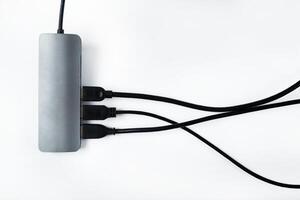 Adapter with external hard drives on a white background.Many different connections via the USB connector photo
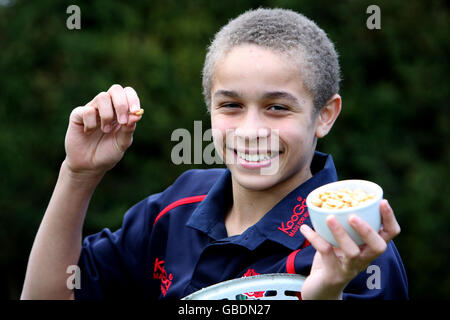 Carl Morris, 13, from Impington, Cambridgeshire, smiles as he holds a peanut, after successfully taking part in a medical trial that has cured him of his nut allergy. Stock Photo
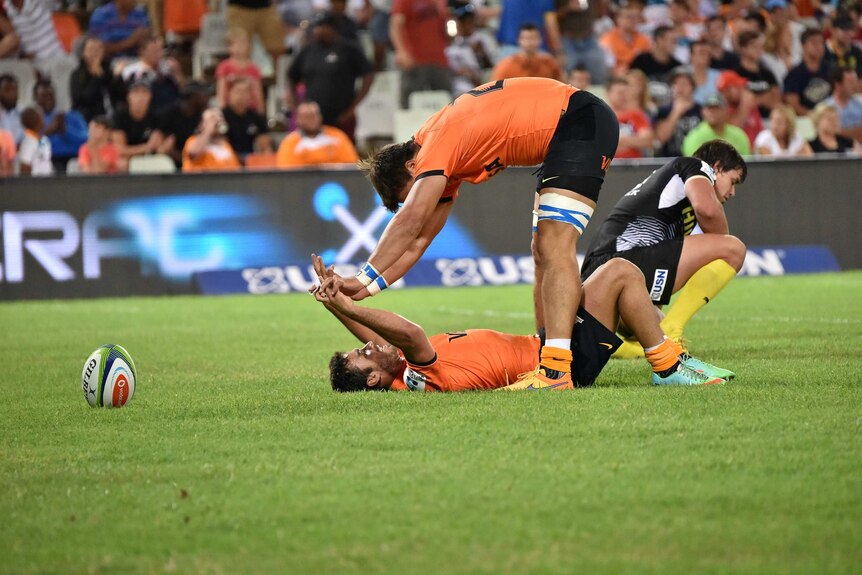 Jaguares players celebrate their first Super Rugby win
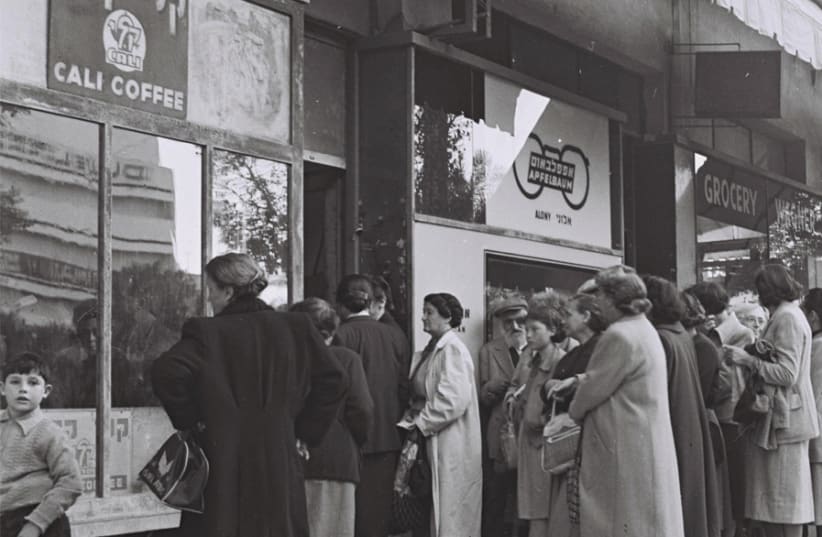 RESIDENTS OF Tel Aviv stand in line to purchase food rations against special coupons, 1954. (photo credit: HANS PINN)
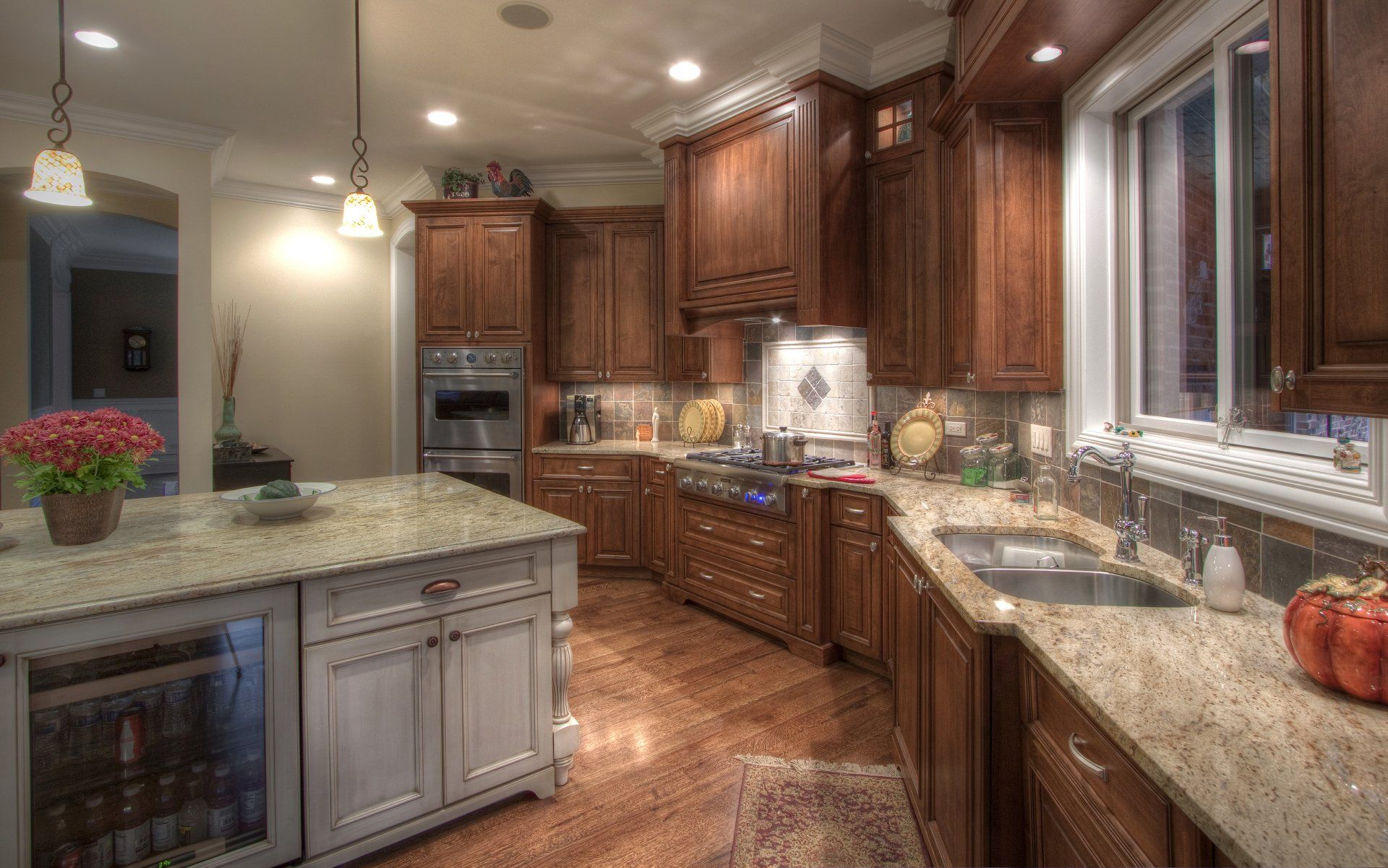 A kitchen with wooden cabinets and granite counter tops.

++++++

▶ [What is needed]: Quote the data above in full, leaving out the pictures it holds.

▶ [Task result]:
 Adapter with external hard drives on a white background.Many different connections via the USB connector photo
 Carl Morris, 13, from Impington, Cambridgeshire, smiles as he holds a peanut, after successfully taking part in a medical trial that has cured him of his nut allergy. Stock Photo
 Jaguares players celebrate their first Super Rugby win
 RESIDENTS OF Tel Aviv stand in line to purchase food rations against special coupons, 1954. (photo credit: HANS PINN)
 A kitchen with wooden cabinets and granite counter tops.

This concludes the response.